This assumes a very class-oriented type system. Duck-typing and the like don't have the upstream ontology problems.

My main desire from types is as an iteration assistant (with editor integration). Even if I wrote a function myself, I may not remember the exact order of arguments, or the exact name of that one property on the returned map. I want to a) be able to quickly peek and see what those things are - either by visiting the definition or, even better, via a pop-over in my editor - and b) have my editor tell me immediately if I did something dumb so I can correct it and keep moving.

In a dynamic language, whenever I need to double-check the contract for some code, I can't just go look look at its type signature, I have to go read through it. I have to fully load that whole subtree of information into my brain (recursively to any functions it may itself call), when I'm really trying to focus my thoughts on something else. This can be a huge, needless drain on mental resources.
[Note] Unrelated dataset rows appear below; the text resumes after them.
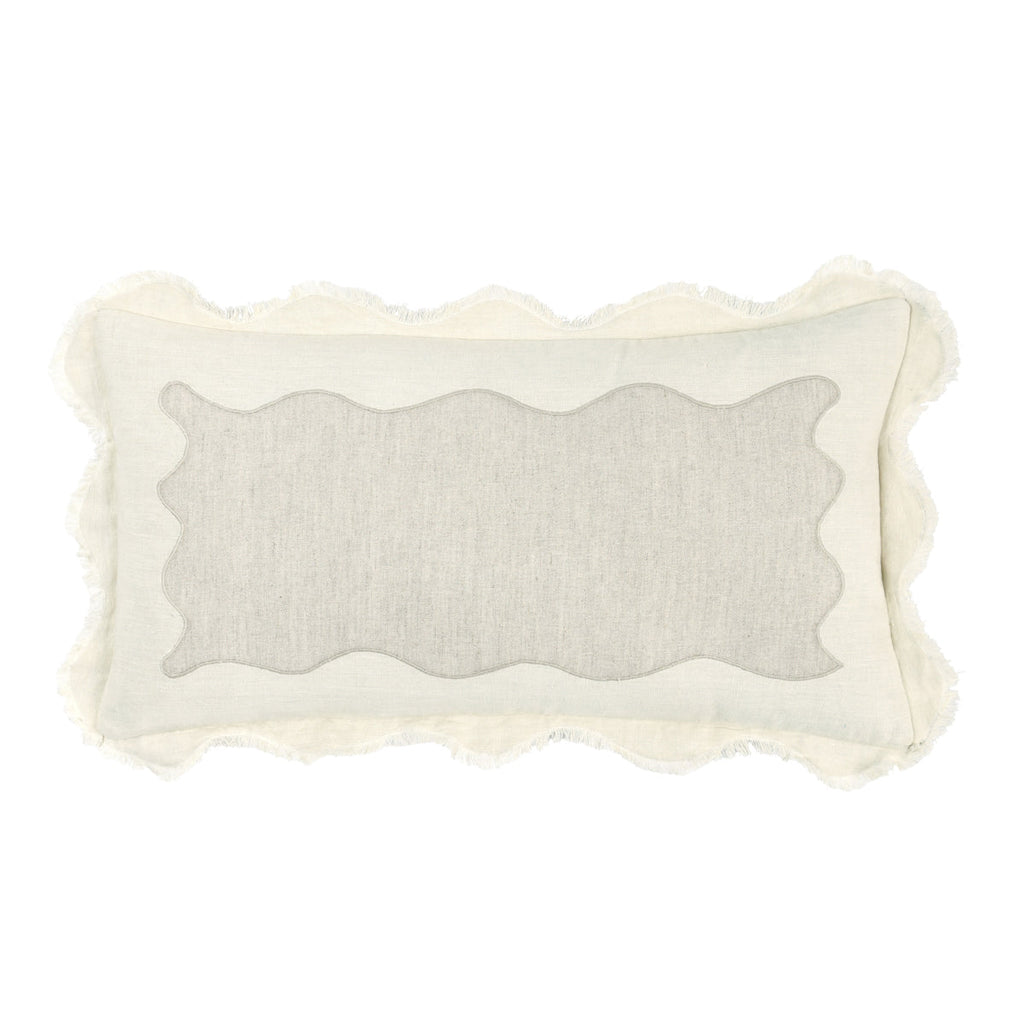Tollo Natural/Ivory 14x26 Pillow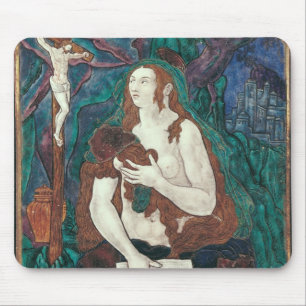 St Mary Magdalene, Limousin-Werkstatt Mousepad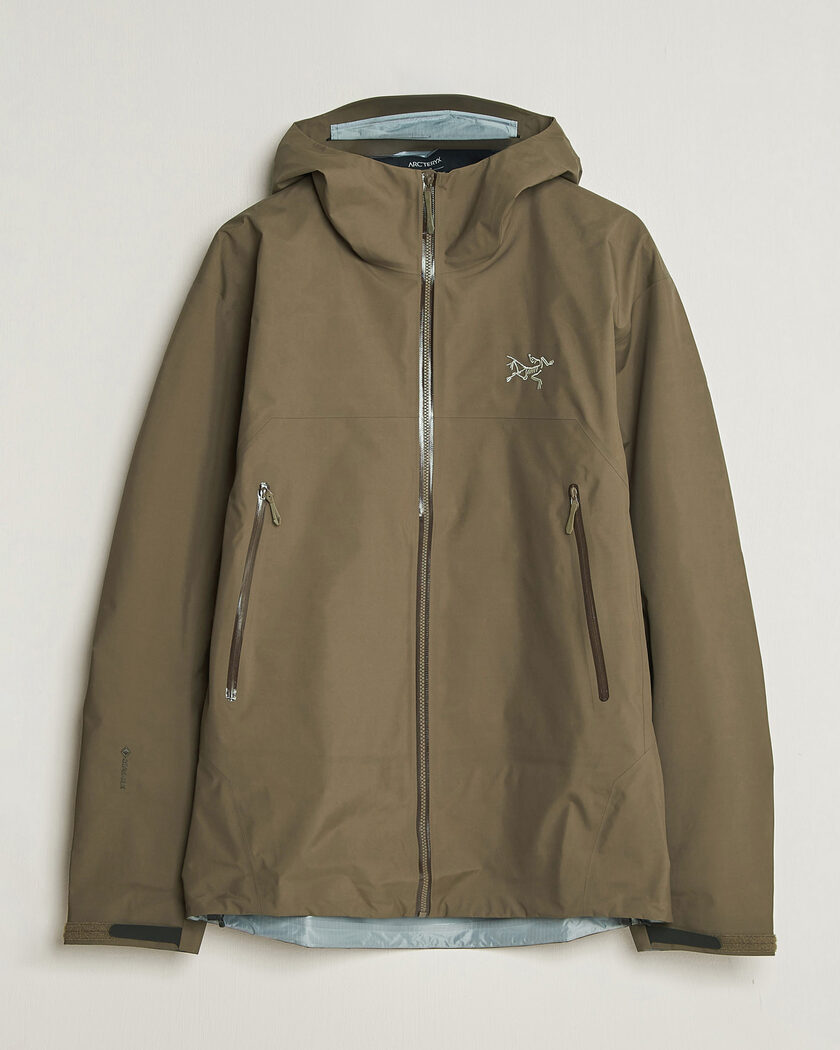 Arc'teryx Beta Gore-Tex Jacket Mongoose – Verde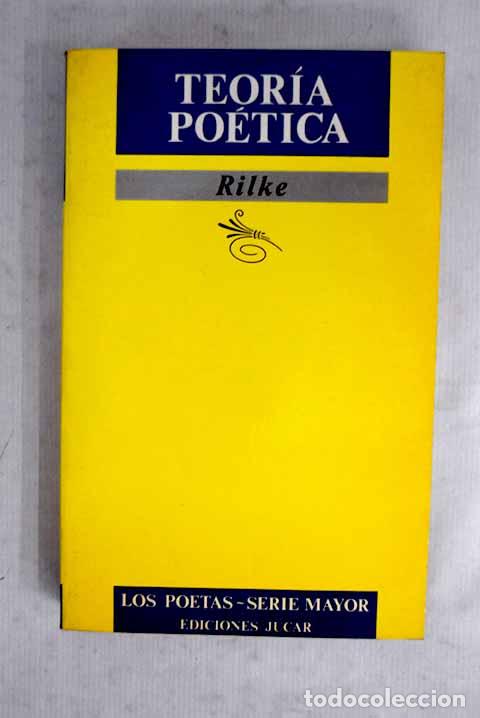 Livros em segunda m&atilde;o: Teor&iacute;a po&eacute;tica: Rilke, Rainer Maria.- Rilke, Rainer Maria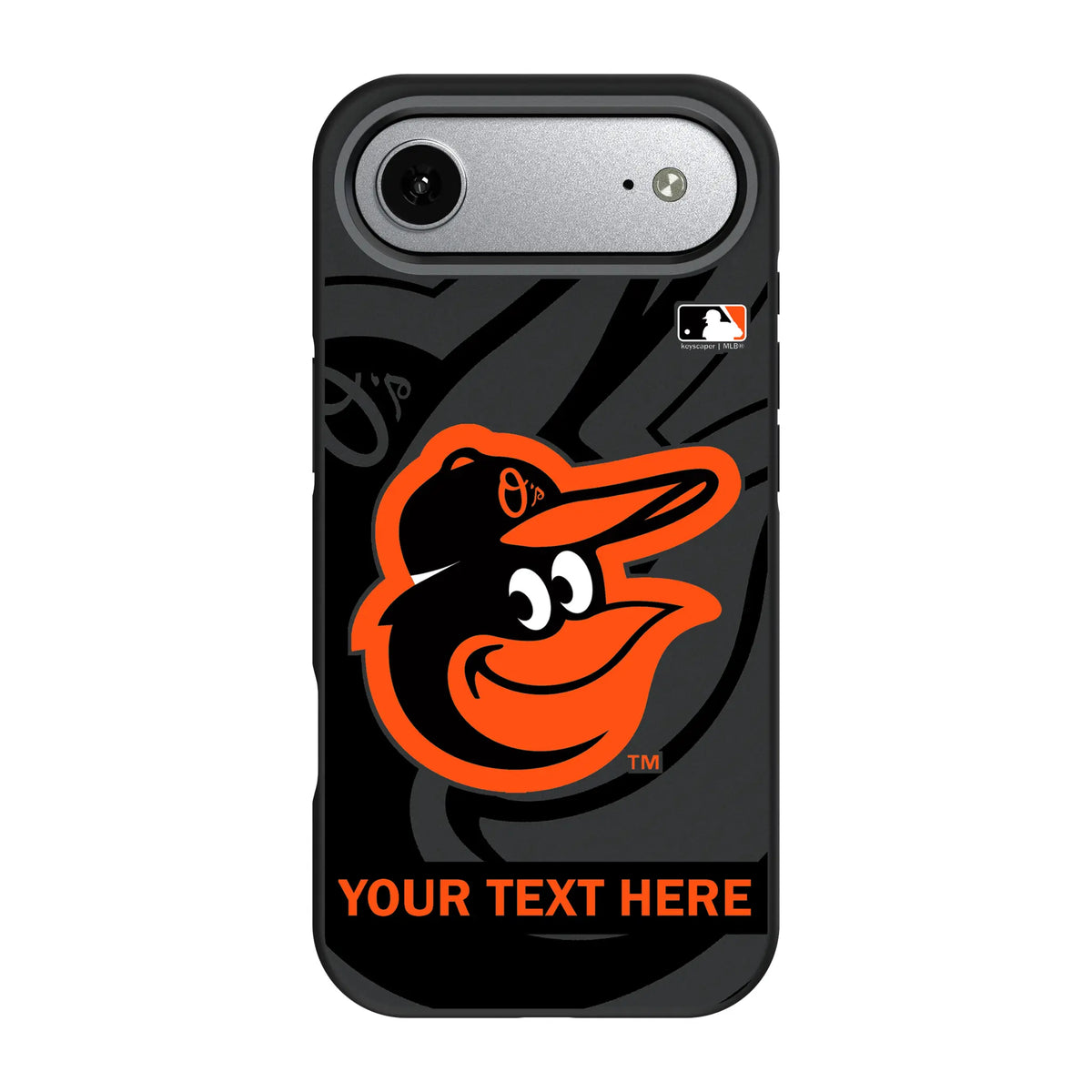 Baltimore Orioles Personalized Tilt iPhone Bump Phone Case for Apple iPhone#Device_iPhone Air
Spec would help with this some, assuming the author follows a good convention of putting all of their assertions at the top of the function. But maybe those assertions are done inside conditionals, creating a more complex type. And maybe my editor doesn't know what to make of them (do any editors? genuinely curious). Etc. It just creates a bunch of little speedbumps to cognition that add up.

2 comments

> In a dynamic language, whenever I need to double-check the contract for some code, I can't just go look look at its type signature, I have to go read through it. I have to fully load that whole subtree of information into my brain (recursively to any functions it may itself call), when I'm really trying to focus my thoughts on something else. This can be a huge, needless drain on mental resources.

Yes, this is a headache, and certainly a problem that afflicts Clojure. Spec doesn't really help much in this regard. There is a proper static typing system for Clojure[0] that does provide a lot of the editor integration you speak of, but as I recall it was a little too brittle and orthogonal to Clojure's way of doing things to be as useful as spec. Some of Clojure's core constructs are completely impossible to type statically.

As with everything there are tradeoffs and choices to be made. I've been writing Clojure professionally for 5+ years now and there's no other language I have much interest in dealing with full-time (yet). One has to choose one's poison I suppose.

  [0]: https://github.com/typedclojure/typedclojure
What you're talking about is effectively a type-hint. Clojure supports those like:

(defn get-row-by-id [^Number id] ...) (defn get-row-by-user-name [^String s] ...)

There's also destructuring which both "extracts" local variables from data structures and serves as an informal documentation/description of the data shape.

You can combine type-hints and destructuring for a very powerful effect. Nowadays, I almost never have a problem "remembering" what or what shape of data I need to pass around.